Austen Chamberlain werd geboren op 16 oktober 1863 in Birmingham. Zijn vader, Joseph Chamberlain, was een opkomende industrieel, die later een vermaard staatsman werd. Austen's moeder, Harriet Chamberlain, was de eerste vrouw van Joseph. Het echtpaar kreeg twee kinderen; Beatrice Mary en Joseph Austen.

Harriet stierf drie dagen na de geboorte van Austen. Vijf jaar later trouwde Joseph met Harriet's neef Florence Kenrik. Uit dit huwelijk had Austen vier halfbroers en -zussen; Arthur Neville, Ida, Hilda en Ethel. Veel later werd Arthur Neville de premier van Groot-Brittannië.

Florence had ook een andere zoon gekregen; maar zowel de baby als de moeder stierven kort daarna. Hoewel Joseph opnieuw trouwde, bracht de vakbond geen nakomelingen voort.

Austen Chamberlain had zijn opleiding genoten bij Rugby, een van de oudste en duurste openbare scholen in Engeland. Later vervoegde hij het Trinity College, Cambridge. Daar trad hij toe tot de Political Society, waar hij zijn eerste politieke toespraak hield. Bovendien was hij ook lid van de Cambridge Union Society en later werd hij vice-president.

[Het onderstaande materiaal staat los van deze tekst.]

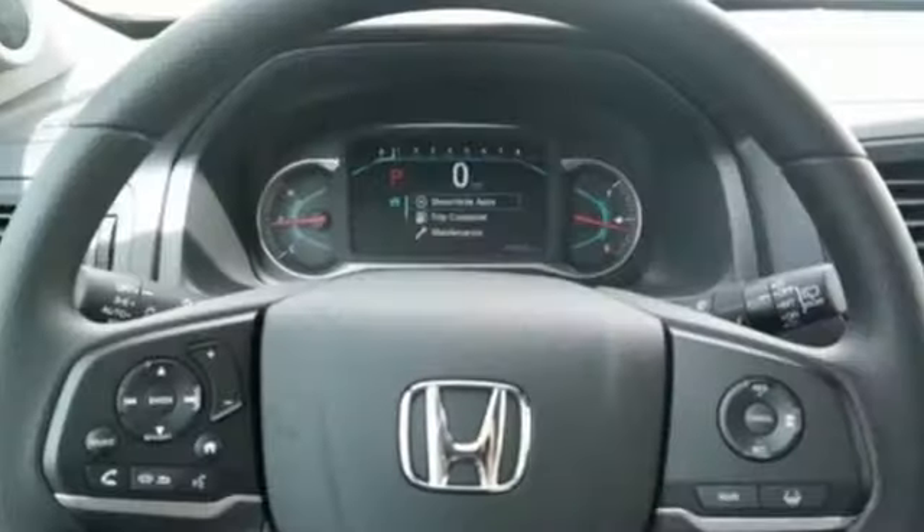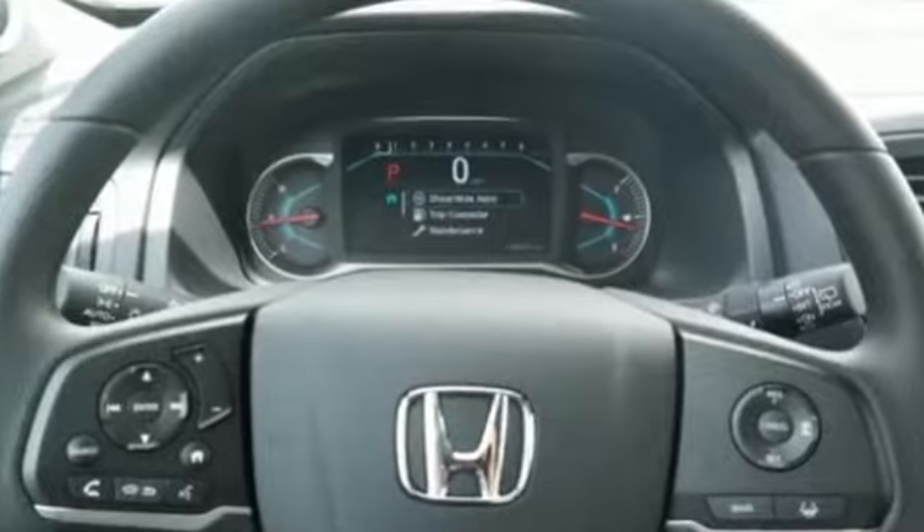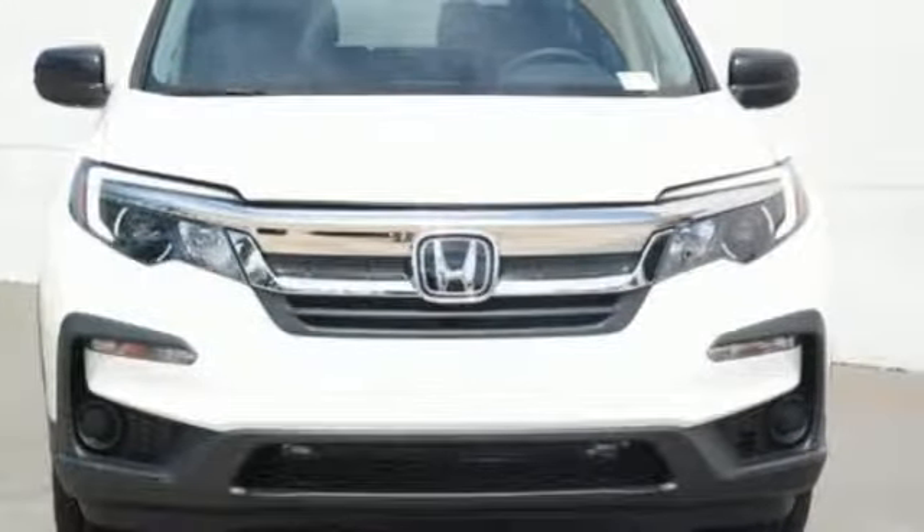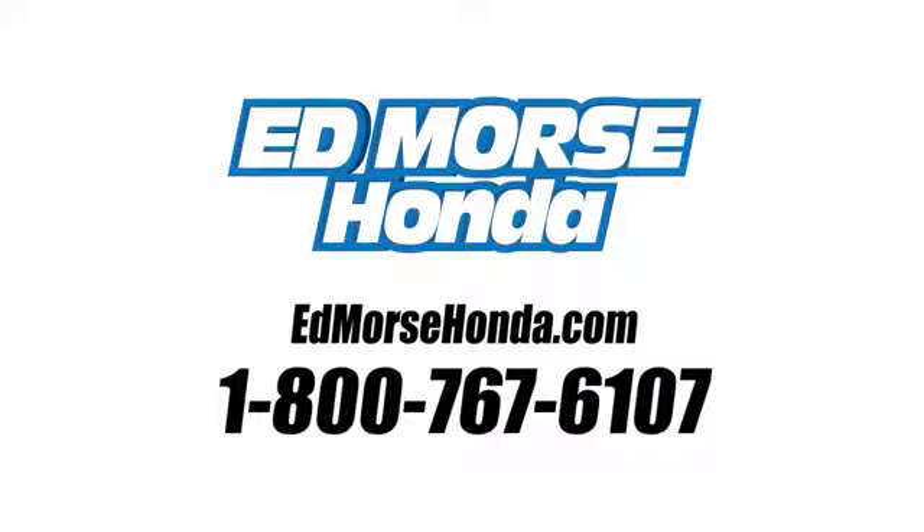Honda has a world-renowned reputation for reliability. They say a journey of a thousand miles begins with one step. Well, in this case, it begins with a test drive. Start your next adventure today. Call us today at 1-800-767-6107.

Vanaf het begin wilde Joseph dat zijn oudste zoon zich bij de politiek zou aansluiten. Na zijn afstuderen aan Cambridge werd Austen daarom eerst naar Frankrijk en vervolgens naar Duitsland gestuurd, zodat hij directe kennis kon hebben over hun politieke cultuur.

Austen stond in Parijs ingeschreven aan de École des Sciences Politiques en studeerde daar negen maanden. Later bracht hij twaalf maanden door aan de Universiteit van Berlijn voordat hij in 1887 terugkeerde naar Birmingham.

Carrière

Bij zijn terugkeer in Engeland begon Austen Chamberlain nauw samen te werken met zijn vader, die tegen die tijd een nationale leider was geworden. Hij verzamelde al snel genoeg ervaring om de algemene verkiezingen van 1892 te betwisten. Austen won zijn eerste parlementaire zetel van East Worcestershire, wat de Liberal Union Party van zijn vader vertegenwoordigt.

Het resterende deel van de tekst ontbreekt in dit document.